North County Public Radio's highly respected Brian Mann further investigated some of the claims reported in Doolittle's pieces and came to a different conclusions.
Mann's research conclude that
'No, the APA did not conspire illegally with the Nature Conservancy'.
Additionally, Doolittle reported on a four year enforcement case by the APA on a John Maye, a former forest ranger and Clinton County landowner. The case dragged on but was dropped abruptly after a meeting between APA and Black Brook officials in which the latter accused the former of colluding with environmentalists.
The unwritten implication is that the threat of 'exposure' caused the APA to drop its patently unfair case.
Another piece by NCPR's Mann suggested otherwise. During the meeting, town officials shared a key piece of information with the APA rep. The APA claims that it was because they received that key piece of information that they dropped the case.

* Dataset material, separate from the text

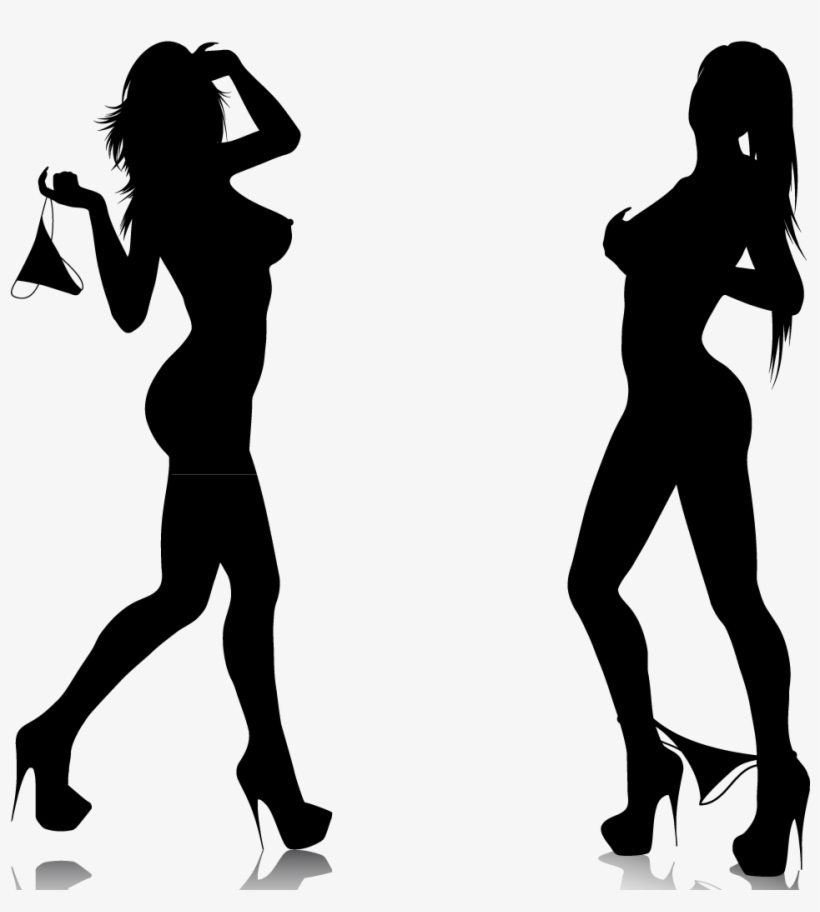 Girl Silhouette - Silhouette Pin Up Png, transparent png download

They claimed that Maye had refused to allow APA officials onto his property and failed to respond to APA inquiries. Both of these are his legal right but it's a bit dubious for him to then claim that the APA was prolonging the case simply to harass him.
I suspect Doolittle was guided, perhaps even subconsciously, to fail to ask the questions and investigate further that Mann did.
Mann wrote,
Will Doolittle has expressed a firm opinion about this episode. He thinks the APA mistreated the Mayes and was then suspiciously eager to drop the case.

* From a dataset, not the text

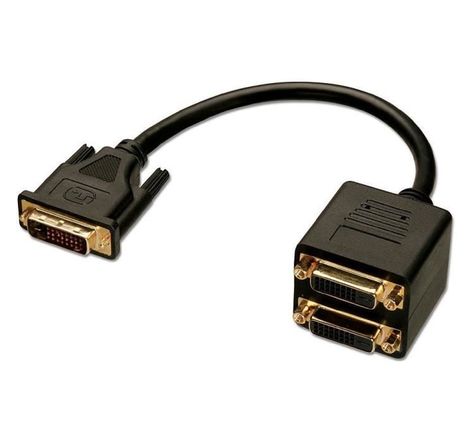 LINDY Câble splitter DVI-D - 2 ports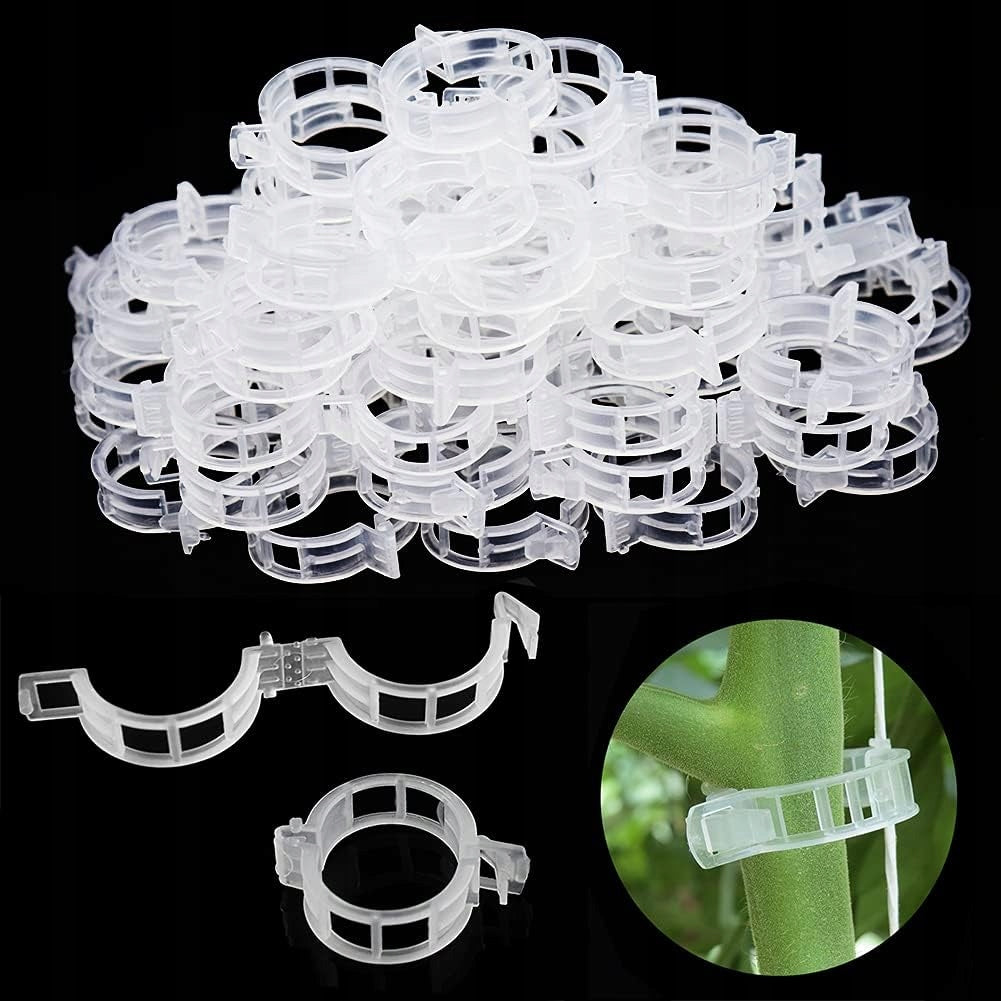 Clips handles for climbing stems - for tomatoes and plants 100 pcs. Packaging status original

For my part, I'm just not sure.
The APA had been asking for a chance to look at that foundation for four years and they finally got it. That's a significant fact.The accounts by Doolittle paint a portrait of a power hungry bureaucracy out of control, opposed only by heroic Clark Kent-like property rights defenders. Mann offers a more nuanced picture; his pieces reflect an agency whose real failings in the case seemed more about understaffing and general bureaucratic inertia.
And this perfectly illustrates the difference between pieces on the APA written by an openly anti-APA journalist and those written by one with no apparent agenda.
There are very real issues with the APA.
The fines it can impose should have a cap or at the very least, should have some kind of explicit structure. The Agency's defense of exorbitant fines ($2.9 million in one of these cases) is that it never actually collects the huge amounts; this is unpersuasive. Perhaps, fines above a certain amount can only be imposed by a court (see below).
There should be some legal obligation of responsiveness by the Agency to inquiries from property owners and municipalities. Perhaps there should be an independent ombudsman to address complaints where such responsiveness was not forthcoming or other unfair treatment alleged.
The APA board should comprise entirely full-time residents of the Park. Localities and counties should have some input into the Agency's staffing and board composition.
Most importantly, there should be some sort of judicial review available of the Agency's decisions, within the context of
state constitution's Article XIV ("Forever Wild"). The APA is described by some as the zoning board for the Adirondack Park. But most zoning boards have zoning boards of appeal and this one should too. One of the reasons for the very real resentment of some Park residents is that the APA is viewed as judge, jury and executioner. Judicial review would help alleviate this.
I believe in Forever Wild. And I believe that the APA should play an important role in maintaining this. The Agency has its faults and should be reformed. And Doolittle's pieces really did expose a few disturbing facts that should be a addressed. I believe that in trying to protect the little guy from abuse by a government agency, we shouldn't go too far and expose the little guy to abuse from big developers who can do much more long-lasting damage.
But
The Post-Star's inexplicable decision to assign this legitimate story to its most adamant anti-APA reporter to do this investigation was a journalistically indefensible, one clearly illustrated by the omissions that Mann revealed.
I urge you to read Doolittle's and Mann's pieces and judge for yourself.